Clinician burnout is a growing concern with known patient safety implications. This commentary describes a charter for health care organizations to prioritize physician well-being in order to preserve quality and safety of patient care. The charter includes elements known to contribute to safety, such as a positive work culture and leadership engagement. The authors call for reducing time spent on documentation and administration, consistent with prior studies. A related editorial emphasizes the importance of the physician–patient relationship in creating meaning and joy in physician work. A previous PSNet interview and perspective discussed the relationship between physician professional satisfaction and patient safety.
Vadnais MA, Hacker MR, Shah NT, et al. The Joint Commission Journal on Quality and Patient Safety. 2016;43.

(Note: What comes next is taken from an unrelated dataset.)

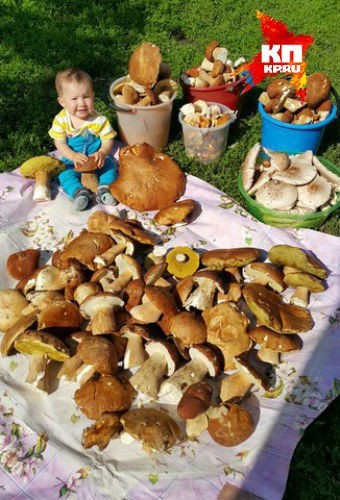 Семья из Уфы собрала в Башкирии гигантские грибы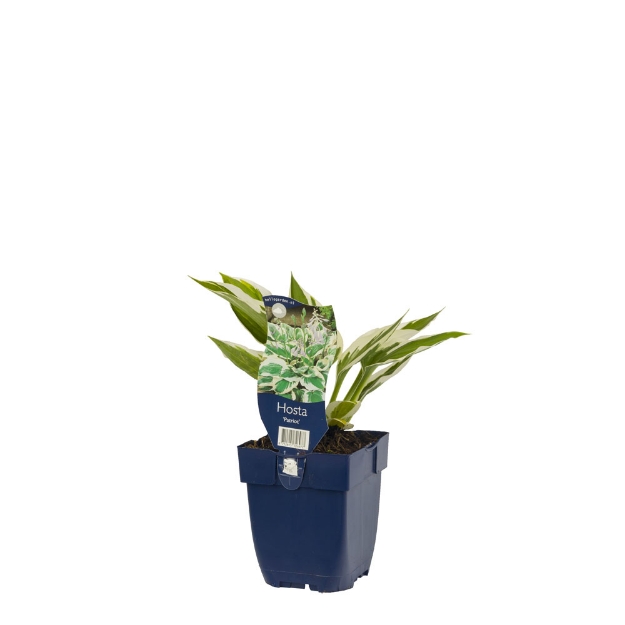 Image de Hosta 'Patriot' - pot de 11 cm.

Cesarean delivery is associated with increased morbidity, mortality, longer hospital stays, and increased costs. From 2008 through 2015, a single tertiary care academic medical center implemented a quality improvement initiative designed to address factors influencing the rate of nulliparous term singleton vertex (NTSV) cesarean delivery rate. The initiative consisted of provider education, provider feedback, and implementation of new policies. The rate of NTSV cesarean delivery decreased from 34.8% to 21.2% and total cesarean delivery rate decreased from 40.0% to 29.1%. Researchers also noted a decline in the incidence of episiotomy and third-degree lacerations. 
Huang SS, Septimus E, Kleinman K, et al. N Engl J Med. 2013;368.
Healthcare associated infection is a leading cause of preventable illness and death. Methicillin-resistant Staphylococcus aureus (MRSA) is a virulent, multi-drug resistant infection increasingly seen across healthcare settings. This pragmatic, cluster-randomized trial to determine the most effective approach for reducing the rates of MRSA was implemented in 43 hospitals, including 74 ICUs and 74,256 patients. Compared to baseline, modeled hazard ratios for MRSA clinical isolates were 0.92 for those undergoing screening isolations, 0.75 for targeted decolonization, and 0.63 for universal decolonization. Universal decolonization resulted in significantly greater reduction in blood stream infections than the other two studied approaches for infection reduction.
Gaba DM, Howard SK. New Engl J Med. 2002;347:1249-1255.
Acknowledging the inevitable connection between fatigue and patient safety, Gaba and Howard examine the policies for work hours for clinicians-in-training in the United States. At the time of publication, regulations varied by specialty and, despite policies limiting work hours, many residency-training programs did not comply with these limited standards. On the heels of increasing proposals to regulate work hours set forth by house staff, lobbying organizations, and Congress, the Accreditation Council for Graduate Medical Education (ACGME) announced new requirements for limited work hours beginning July 2003 for all residency programs. The authors discuss the likely consequences of these limitations, including decreased work force, increased hand-offs, and restrictions on moonlighting. Specific challenges, including behavioral and cultural shifts as well as potential economic impact, are discussed.